I guess that most people know that a “bit” is one piece of a byte. A byte is made of eight bits, where a bit has only values of 1 or 0, and a byte is ASCII code for a letter, a number, a character or something special. Few people know that a “nibble” is four bits, so there are two “nibbles” to a “byte”. As I understand it, two bits have a special term as well, but I cannot recall what that is. Or perhaps I misunderstood.
Debugging a program used to be quite literal. In the early days of computers, back when the computers would occupy entire rooms, they used actual electronic switches, but since it’s two in the morning, even the name of these is eluding me. They took a lot of space to build a computer of any significant size, and generated a great deal of heat. This heat would attract insects, such as cockroaches, who would climb onto the poorly sealed circuit boards and, if they stepped on the wrong wires, they would short out the computer frying themselves in the process. It smelled like chicken. The computer would “crash”, and to get it back up and running, technicians would literally have to get into the computer, find the fried insect(s), and remove it (or them). They literally “debugged” the computer.

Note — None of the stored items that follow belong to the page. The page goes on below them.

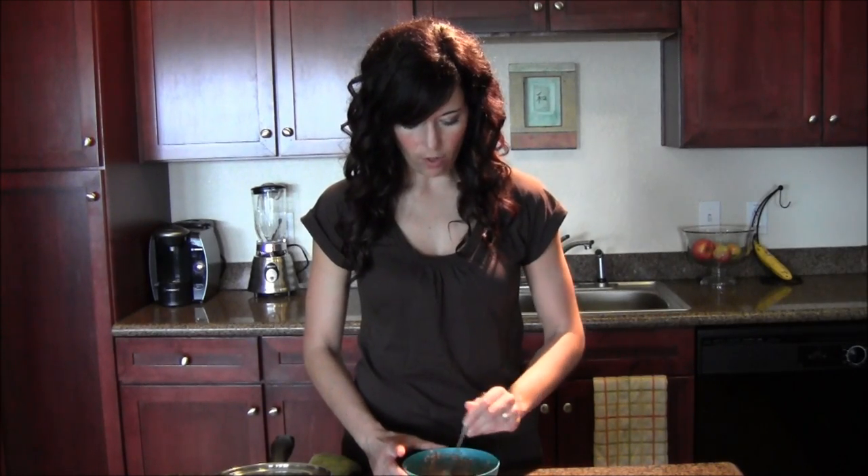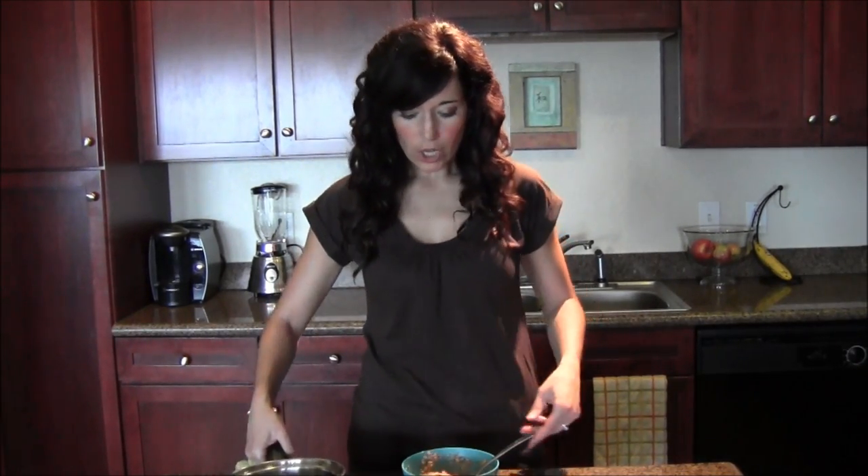That is all there is to it. I'll have a picture, directions, and all that fun stuff on my blog. As you can see, it takes one to two minutes the night before to put everything in the bowl, and one to two minutes for the water to heat up on the stove — maybe use that time to put your lunch together. That's probably as fast as grabbing a granola bar and inhaling it as you walk down the steps, which is not good for your body. This is a good, healthy way to start the day.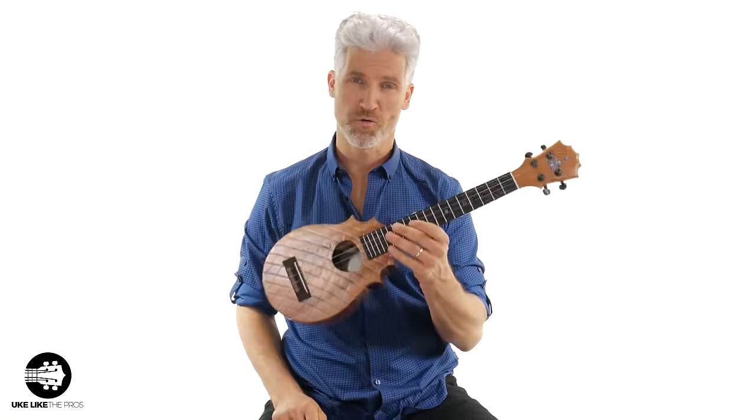In this ukulele tutorial, I'm going to show you how to hold a ukulele, especially when you don't have a strap.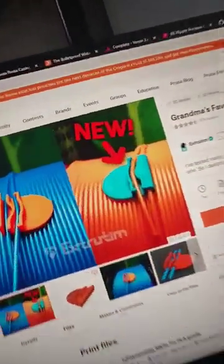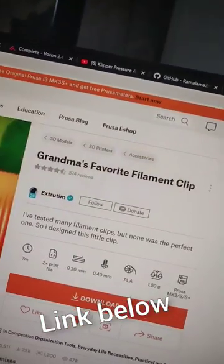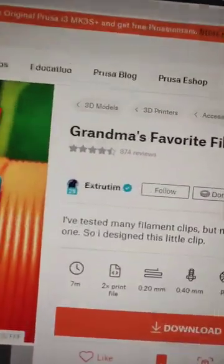I was browsing through Printables for cool things to print and I found this — Grandma's favourite filament clip by Extrutim. Let's print a few out and see how well they work.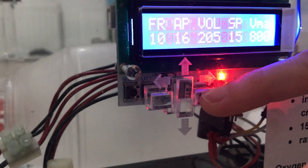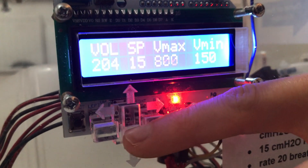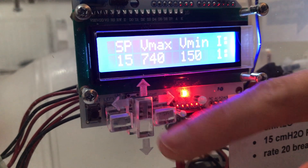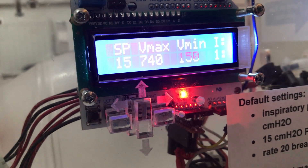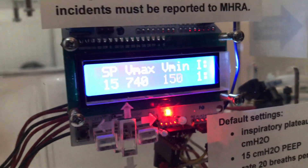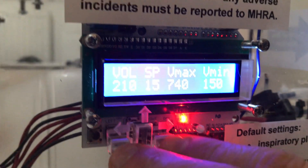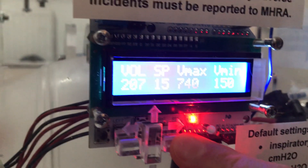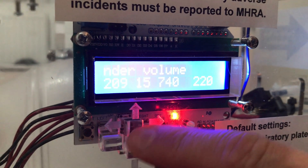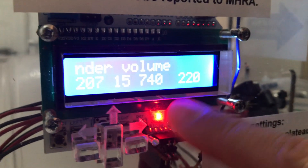On the screen we also have tidal volume alarms, which are needed for pressure control ventilation mode. V max is the maximum volume limit and V min is the minimum tidal volume limit. If the actual volume goes beyond these limits, an alarm will sound. To demonstrate: with a volume of about 200, if I increase the minimum to 220, the alarm goes off because the actual volume is less than the minimum alarm threshold.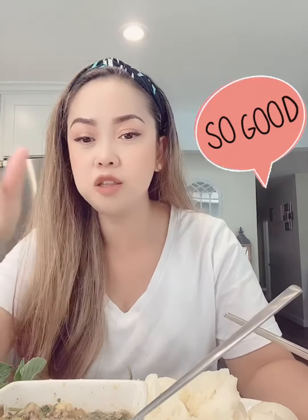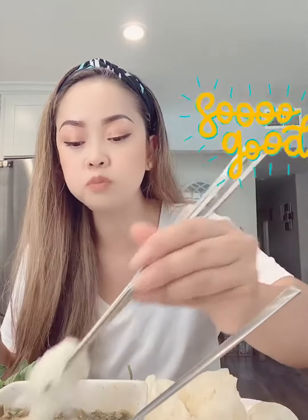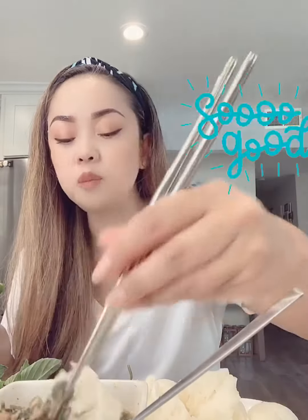I haven't had this in a while guys and it's amazing. I usually eat this with the sauce with steak, but tripe is one of my favorites to eat with this — the guhok sauce.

I guess that’s the nature of time. Things that seem all the rage today will fade, sometimes quickly, into obscurity tomorrow. I still remember gopher sites for file sharing using FTP technology, sites that became obsolete with the web. Some things stay around but fade into the background, much like I have been doing for quite some time now. For example, every time a file is downloaded on the web, it still uses FTP technology. The only difference is that it’s no longer necessary to “send” the request for the file as that’s done with the click of a mouse. Heck, even today I use keyboard shortcuts when my screen seemed to lock up, shortcuts many people probably no longer know exist.